ACTIVITY → I need the lines from the one containing "EOS Visors For" through the last line of the entries retyped exactly, with no pictures among them.

SOURCE RECORDS →
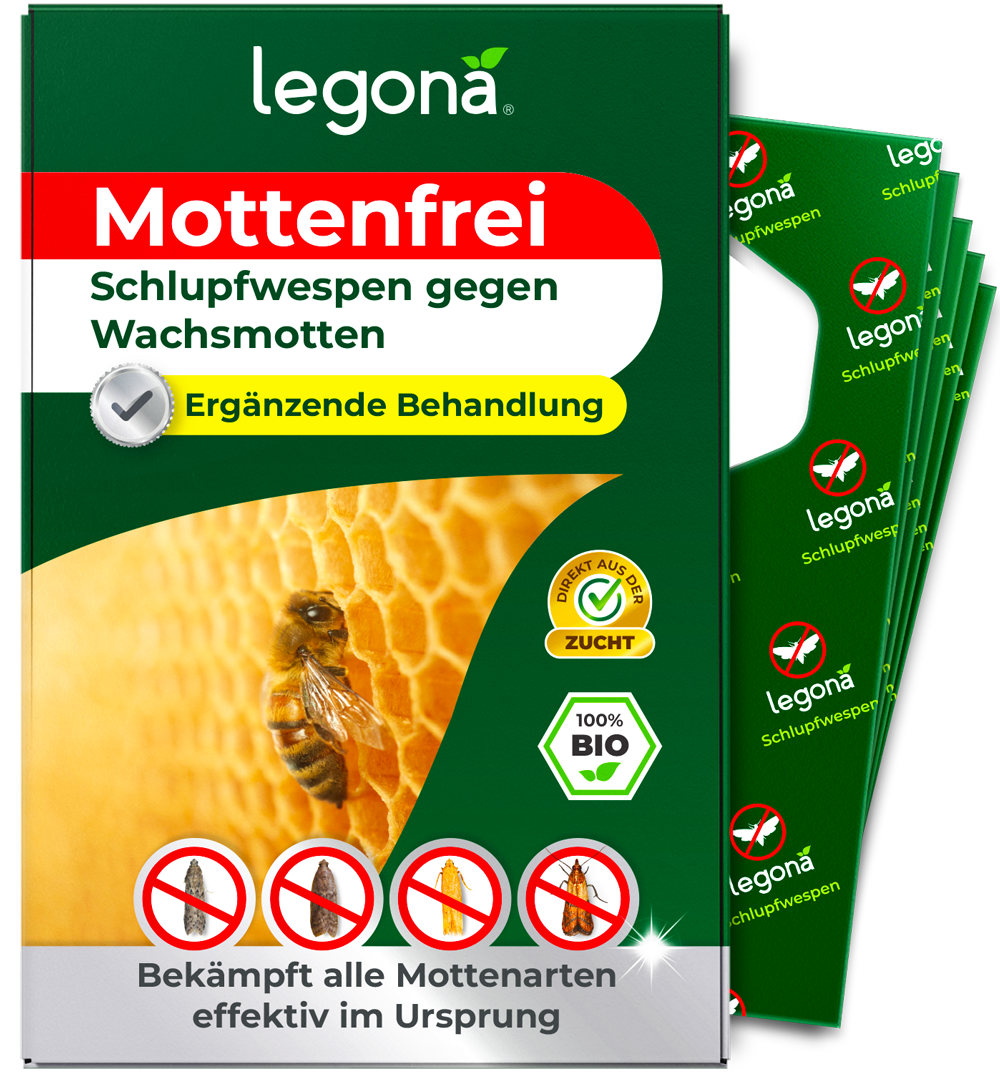 Verackung des Produkts 'Legona Mottenfrei' Schlupfwespen gegen Wachsmotten mit gelbem Wabenmuster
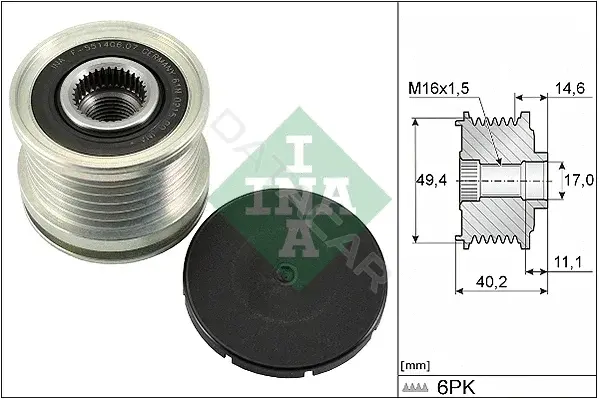 Шкив генератора INA 535012410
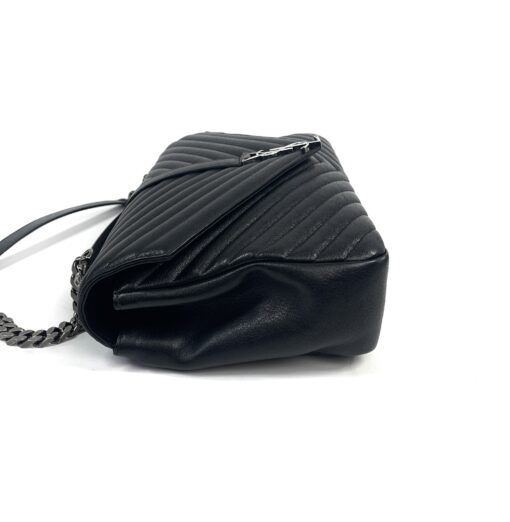 YSL Saint Laurent College Large Quilted Black Leather V-Flap Shoulder Bag Silver 14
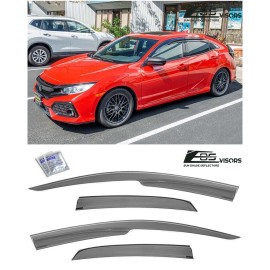 EOS Visors For 16-21 Honda Civic 5Dr Hatch JDM MUGEN Style Side Vents Shade Window Visors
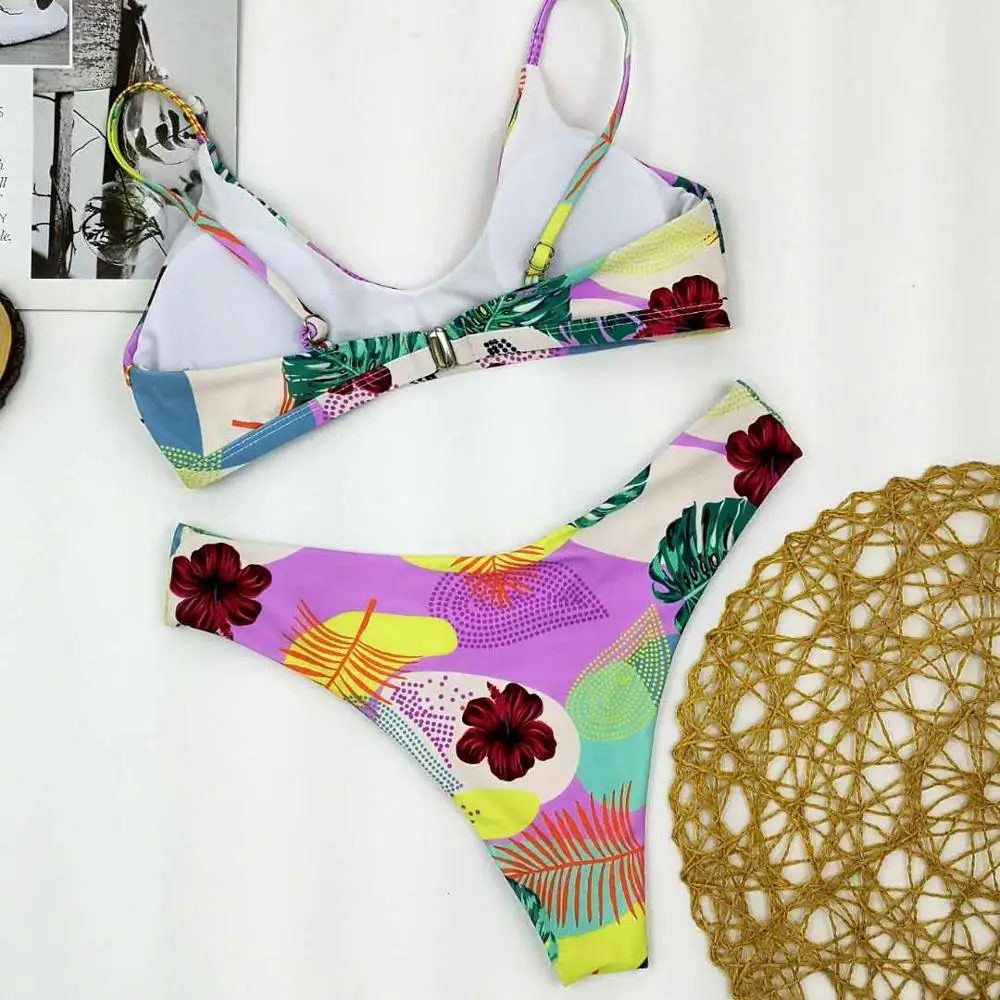 custom Floral Printing Swimwear Cute Girl Bikini Beachwear High Quality Young Girl Bikini Suits set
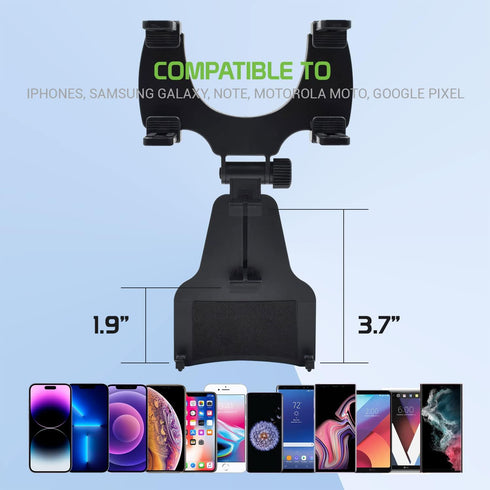 Cellet Vehicle Rear View Mirror Phone Holder Mount Universal Smartphone Cradle Compatible to iPhone 14 Pro Max Plus 13 12 11 XR XS SE Galaxy Z Fli...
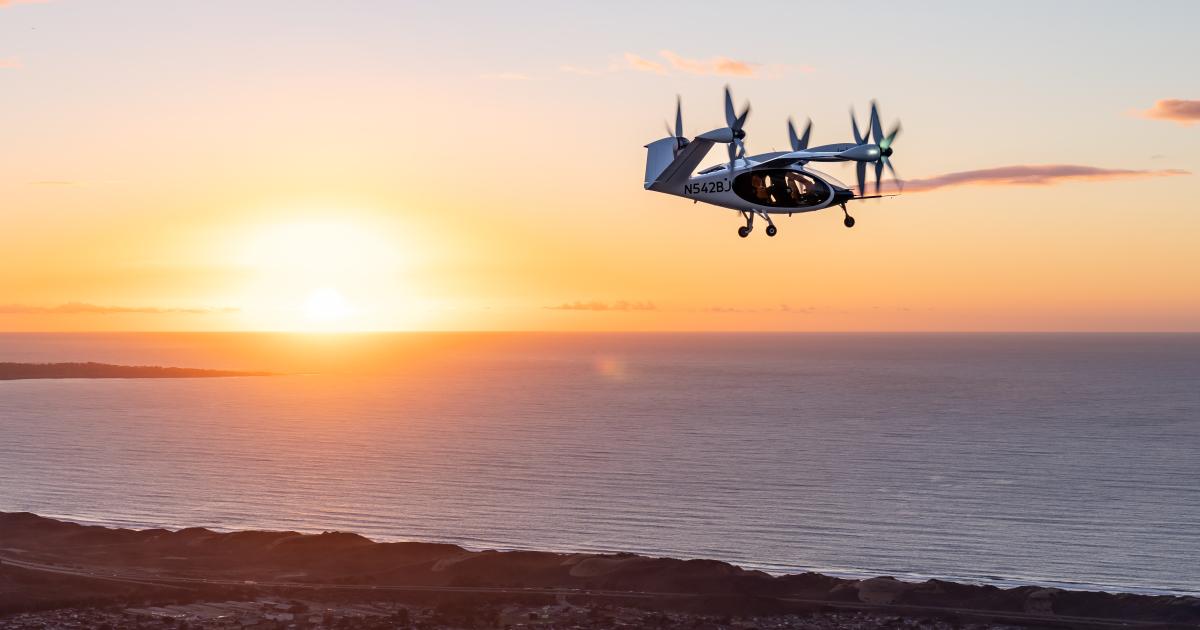 Joby's eVTOL aircraft prototype is pictured during a test flight above Marina, California, where the company has set up its pilot production facility. (Photo: Joby Aviation)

EXERCISE ANSWER →
 EOS Visors For 16-21 Honda Civic 5Dr Hatch JDM MUGEN Style Side Vents Shade Window Visors
 custom Floral Printing Swimwear Cute Girl Bikini Beachwear High Quality Young Girl Bikini Suits set
 Cellet Vehicle Rear View Mirror Phone Holder Mount Universal Smartphone Cradle Compatible to iPhone 14 Pro Max Plus 13 12 11 XR XS SE Galaxy Z Fli...
 Joby's eVTOL aircraft prototype is pictured during a test flight above Marina, California, where the company has set up its pilot production facility. (Photo: Joby Aviation)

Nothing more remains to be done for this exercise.